*Excerpted data:*
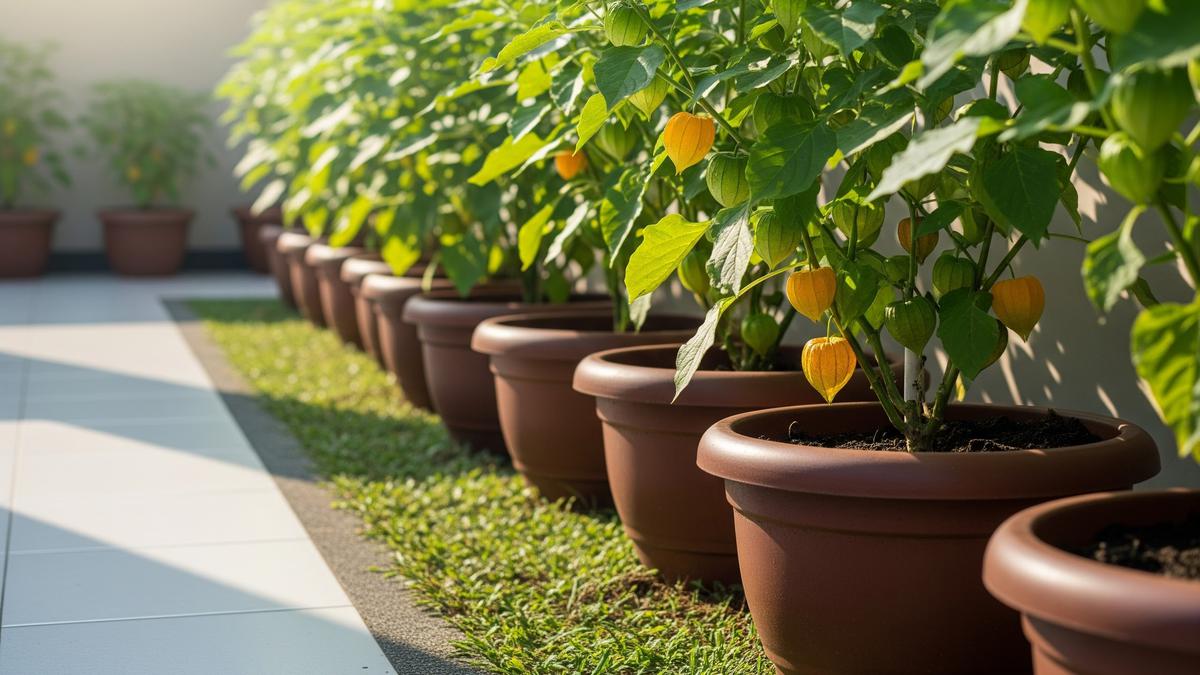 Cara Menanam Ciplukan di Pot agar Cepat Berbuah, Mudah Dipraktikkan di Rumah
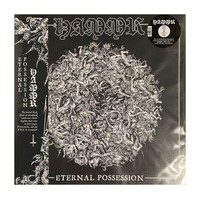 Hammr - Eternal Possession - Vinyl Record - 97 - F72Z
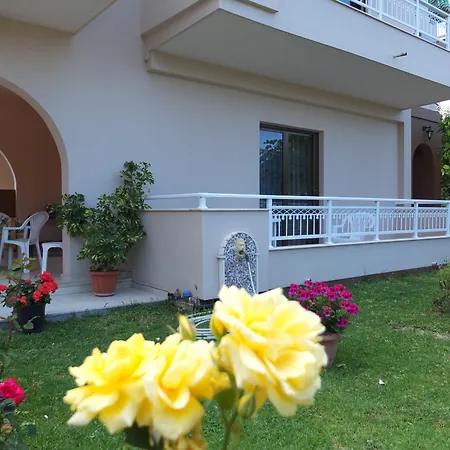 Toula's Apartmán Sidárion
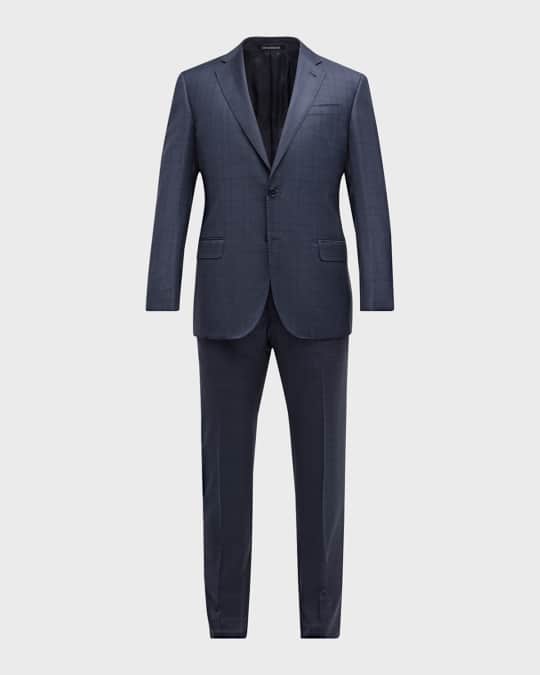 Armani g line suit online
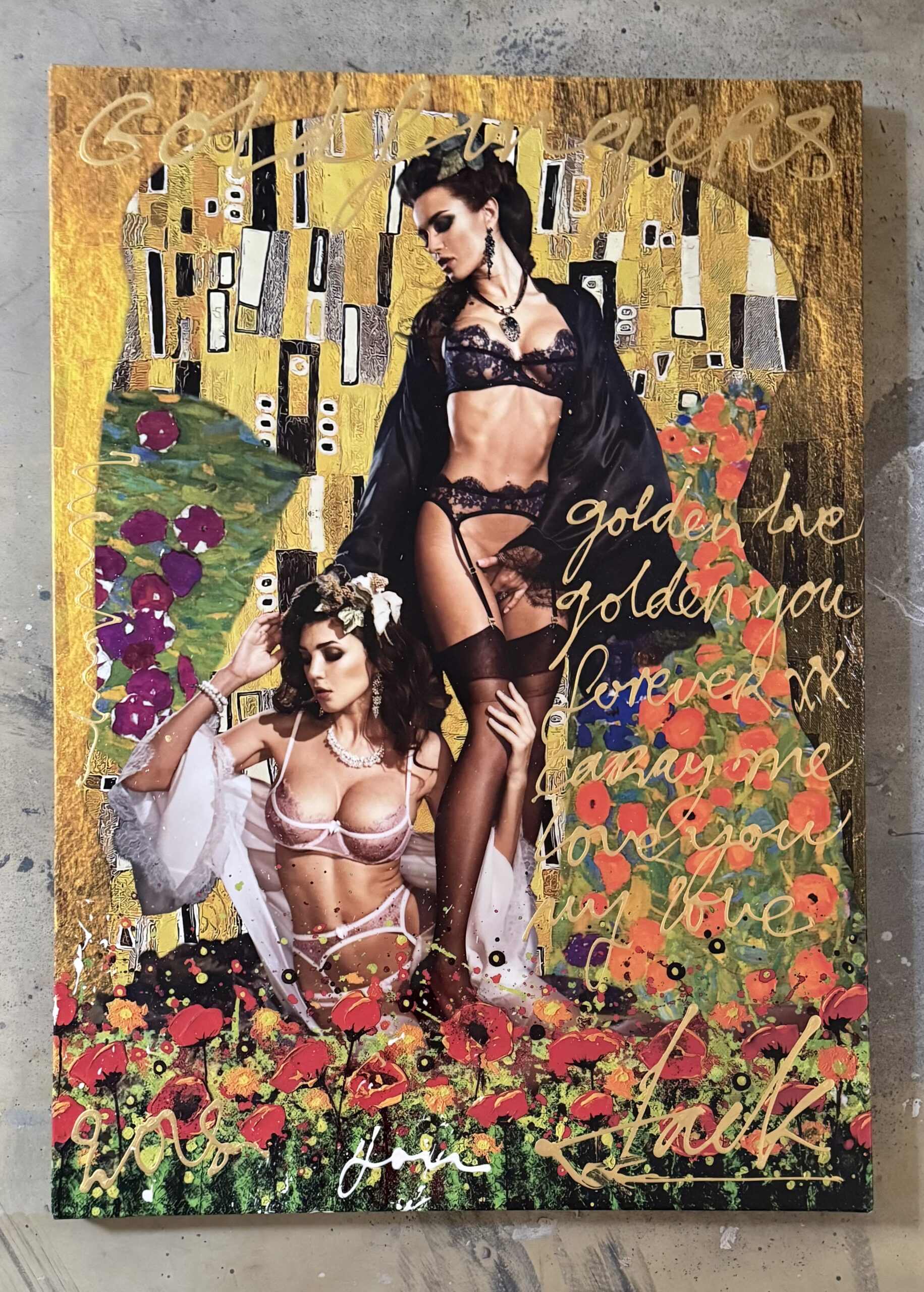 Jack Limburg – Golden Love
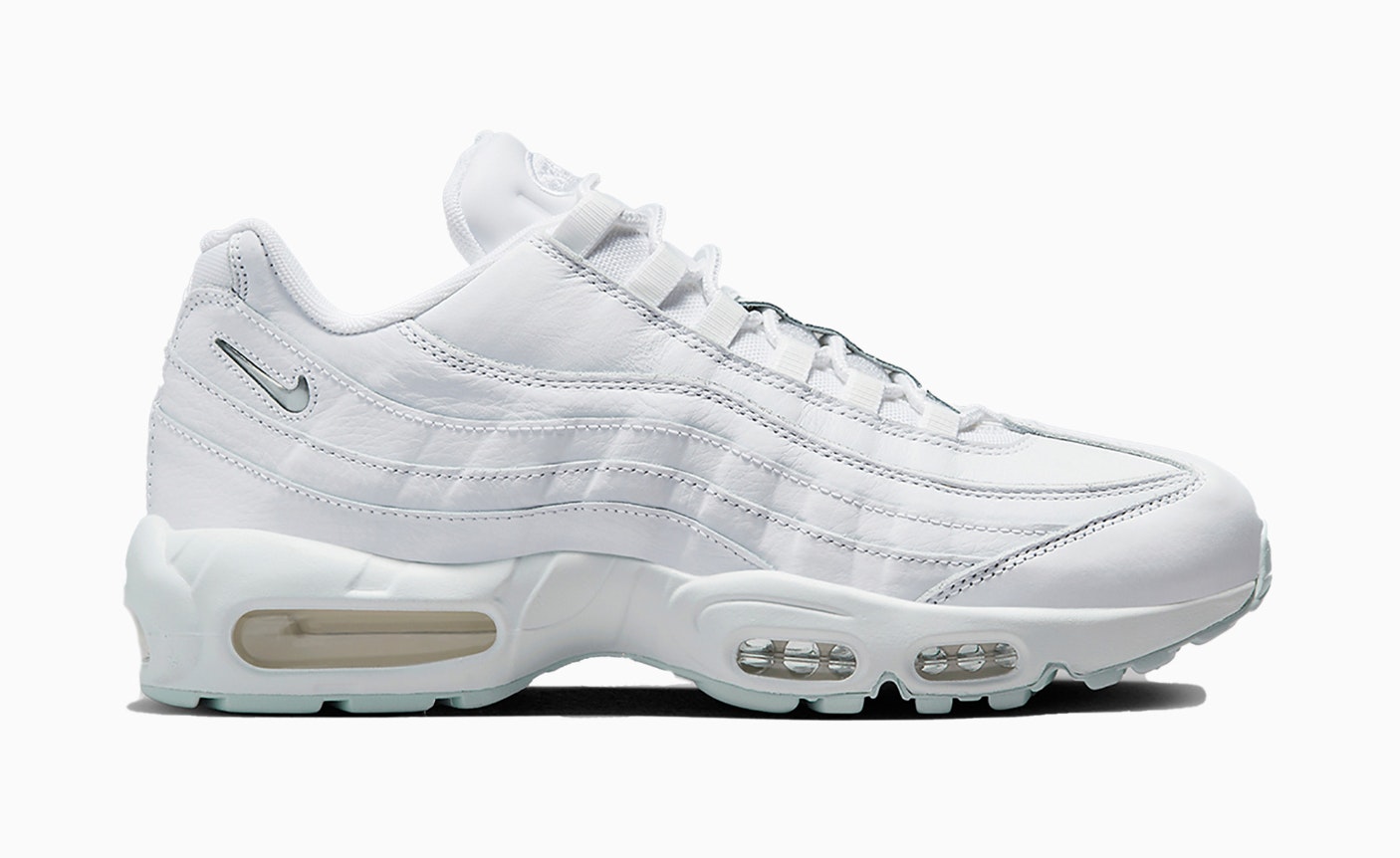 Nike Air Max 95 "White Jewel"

*Assigned task:* Copy out the preceding entries without a single change, leaving out the pictures.

*Answer section:*
 Cara Menanam Ciplukan di Pot agar Cepat Berbuah, Mudah Dipraktikkan di Rumah
 Hammr - Eternal Possession - Vinyl Record - 97 - F72Z
 Toula's Apartmán Sidárion
 Armani g line suit online
 Jack Limburg – Golden Love
 Nike Air Max 95 "White Jewel"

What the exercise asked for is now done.